▶ [Work request] Repeat exactly, and only, the lines of the entries below from the one with "Продается угловой диван" through the one with "Наслаждайтесь Aria's Doggystyle", both ends included.

▶ [Records]
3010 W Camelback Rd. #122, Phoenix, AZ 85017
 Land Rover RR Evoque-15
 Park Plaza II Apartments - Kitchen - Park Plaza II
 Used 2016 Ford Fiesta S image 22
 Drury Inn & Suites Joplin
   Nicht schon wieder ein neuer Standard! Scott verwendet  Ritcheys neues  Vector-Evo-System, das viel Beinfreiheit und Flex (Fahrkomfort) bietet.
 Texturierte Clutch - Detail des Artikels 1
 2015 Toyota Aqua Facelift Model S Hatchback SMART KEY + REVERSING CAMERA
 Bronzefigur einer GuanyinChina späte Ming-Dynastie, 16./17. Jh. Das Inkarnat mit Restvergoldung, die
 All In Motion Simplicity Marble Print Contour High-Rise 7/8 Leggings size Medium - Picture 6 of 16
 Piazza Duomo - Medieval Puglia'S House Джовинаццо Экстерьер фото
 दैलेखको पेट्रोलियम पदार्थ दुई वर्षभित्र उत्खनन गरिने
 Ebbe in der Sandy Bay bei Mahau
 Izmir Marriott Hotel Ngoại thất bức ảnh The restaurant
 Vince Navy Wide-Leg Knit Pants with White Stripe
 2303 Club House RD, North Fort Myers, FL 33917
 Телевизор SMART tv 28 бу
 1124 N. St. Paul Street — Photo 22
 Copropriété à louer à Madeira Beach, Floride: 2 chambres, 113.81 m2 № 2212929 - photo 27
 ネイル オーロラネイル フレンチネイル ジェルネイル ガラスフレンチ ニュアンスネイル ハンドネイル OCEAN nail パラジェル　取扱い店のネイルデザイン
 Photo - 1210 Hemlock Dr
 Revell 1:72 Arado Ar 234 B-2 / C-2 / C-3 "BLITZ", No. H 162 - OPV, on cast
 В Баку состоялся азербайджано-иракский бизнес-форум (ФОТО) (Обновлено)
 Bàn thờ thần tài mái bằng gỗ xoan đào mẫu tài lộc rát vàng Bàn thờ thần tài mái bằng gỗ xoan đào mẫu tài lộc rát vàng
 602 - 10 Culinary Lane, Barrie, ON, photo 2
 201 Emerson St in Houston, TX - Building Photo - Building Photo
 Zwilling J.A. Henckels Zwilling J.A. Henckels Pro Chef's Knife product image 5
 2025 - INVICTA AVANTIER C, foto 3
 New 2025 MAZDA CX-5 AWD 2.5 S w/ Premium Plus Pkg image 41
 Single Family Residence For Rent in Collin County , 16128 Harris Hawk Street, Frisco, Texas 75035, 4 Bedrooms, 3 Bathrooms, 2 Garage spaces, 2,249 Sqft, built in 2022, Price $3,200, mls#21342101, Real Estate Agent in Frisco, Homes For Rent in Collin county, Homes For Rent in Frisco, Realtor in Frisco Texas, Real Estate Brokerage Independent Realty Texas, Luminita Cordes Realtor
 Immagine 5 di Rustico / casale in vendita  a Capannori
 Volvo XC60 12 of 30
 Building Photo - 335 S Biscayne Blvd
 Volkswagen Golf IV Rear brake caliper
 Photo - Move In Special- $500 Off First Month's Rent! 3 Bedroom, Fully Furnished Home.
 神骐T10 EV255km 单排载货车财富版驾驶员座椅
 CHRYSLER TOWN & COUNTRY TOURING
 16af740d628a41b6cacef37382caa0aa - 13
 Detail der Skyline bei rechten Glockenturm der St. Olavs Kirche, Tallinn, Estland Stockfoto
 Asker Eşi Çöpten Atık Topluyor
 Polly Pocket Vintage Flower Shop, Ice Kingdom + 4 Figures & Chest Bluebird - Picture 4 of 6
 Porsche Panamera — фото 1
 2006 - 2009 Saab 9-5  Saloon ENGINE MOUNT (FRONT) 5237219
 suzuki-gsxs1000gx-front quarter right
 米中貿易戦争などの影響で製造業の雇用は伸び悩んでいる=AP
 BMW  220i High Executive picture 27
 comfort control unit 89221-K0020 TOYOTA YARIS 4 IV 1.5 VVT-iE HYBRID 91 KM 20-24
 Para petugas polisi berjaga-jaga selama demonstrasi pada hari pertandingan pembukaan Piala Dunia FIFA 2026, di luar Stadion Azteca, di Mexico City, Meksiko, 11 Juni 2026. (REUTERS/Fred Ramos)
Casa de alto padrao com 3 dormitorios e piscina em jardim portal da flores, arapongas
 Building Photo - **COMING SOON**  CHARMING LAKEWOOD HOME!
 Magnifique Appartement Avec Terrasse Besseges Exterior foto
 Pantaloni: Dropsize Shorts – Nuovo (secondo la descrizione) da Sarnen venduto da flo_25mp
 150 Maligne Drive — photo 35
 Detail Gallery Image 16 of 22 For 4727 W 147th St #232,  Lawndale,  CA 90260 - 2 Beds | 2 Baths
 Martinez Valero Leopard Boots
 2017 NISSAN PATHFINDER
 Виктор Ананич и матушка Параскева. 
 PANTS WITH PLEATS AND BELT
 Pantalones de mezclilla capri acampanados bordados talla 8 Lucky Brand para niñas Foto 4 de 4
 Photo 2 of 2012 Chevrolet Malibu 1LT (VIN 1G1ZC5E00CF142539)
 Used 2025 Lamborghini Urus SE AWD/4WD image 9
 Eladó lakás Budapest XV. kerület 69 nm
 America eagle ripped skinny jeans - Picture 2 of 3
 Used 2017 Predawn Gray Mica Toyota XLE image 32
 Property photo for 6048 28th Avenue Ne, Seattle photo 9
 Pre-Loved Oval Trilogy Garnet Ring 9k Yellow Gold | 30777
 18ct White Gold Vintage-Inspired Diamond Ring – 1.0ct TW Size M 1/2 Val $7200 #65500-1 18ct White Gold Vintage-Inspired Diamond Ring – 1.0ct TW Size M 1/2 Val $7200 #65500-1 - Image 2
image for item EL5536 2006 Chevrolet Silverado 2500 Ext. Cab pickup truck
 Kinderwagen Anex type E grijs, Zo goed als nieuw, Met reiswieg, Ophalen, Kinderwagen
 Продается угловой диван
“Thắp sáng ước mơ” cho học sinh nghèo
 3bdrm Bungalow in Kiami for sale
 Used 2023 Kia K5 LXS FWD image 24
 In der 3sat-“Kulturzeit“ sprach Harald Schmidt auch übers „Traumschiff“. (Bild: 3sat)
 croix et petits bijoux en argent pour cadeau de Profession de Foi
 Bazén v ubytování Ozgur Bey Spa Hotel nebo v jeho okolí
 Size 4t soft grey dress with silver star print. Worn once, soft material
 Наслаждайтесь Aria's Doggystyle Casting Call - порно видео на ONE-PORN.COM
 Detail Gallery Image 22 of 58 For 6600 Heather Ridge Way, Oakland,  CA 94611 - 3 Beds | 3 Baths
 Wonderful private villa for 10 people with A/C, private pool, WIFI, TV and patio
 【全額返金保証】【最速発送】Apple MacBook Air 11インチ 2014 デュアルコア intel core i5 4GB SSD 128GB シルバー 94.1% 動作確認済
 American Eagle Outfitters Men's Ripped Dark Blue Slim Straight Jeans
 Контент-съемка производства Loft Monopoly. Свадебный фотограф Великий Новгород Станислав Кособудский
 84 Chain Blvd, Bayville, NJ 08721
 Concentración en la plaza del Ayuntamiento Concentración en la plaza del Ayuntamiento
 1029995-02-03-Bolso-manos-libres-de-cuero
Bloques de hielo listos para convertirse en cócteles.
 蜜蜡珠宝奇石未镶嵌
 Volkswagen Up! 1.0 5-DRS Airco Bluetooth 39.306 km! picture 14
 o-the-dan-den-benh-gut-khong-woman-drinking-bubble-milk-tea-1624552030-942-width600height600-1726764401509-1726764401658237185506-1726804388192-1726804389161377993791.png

▶ [Solution to this problem]
 Продается угловой диван
“Thắp sáng ước mơ” cho học sinh nghèo
 3bdrm Bungalow in Kiami for sale
 Used 2023 Kia K5 LXS FWD image 24
 In der 3sat-“Kulturzeit“ sprach Harald Schmidt auch übers „Traumschiff“. (Bild: 3sat)
 croix et petits bijoux en argent pour cadeau de Profession de Foi
 Bazén v ubytování Ozgur Bey Spa Hotel nebo v jeho okolí
 Size 4t soft grey dress with silver star print. Worn once, soft material
 Наслаждайтесь Aria's Doggystyle Casting Call - порно видео на ONE-PORN.COM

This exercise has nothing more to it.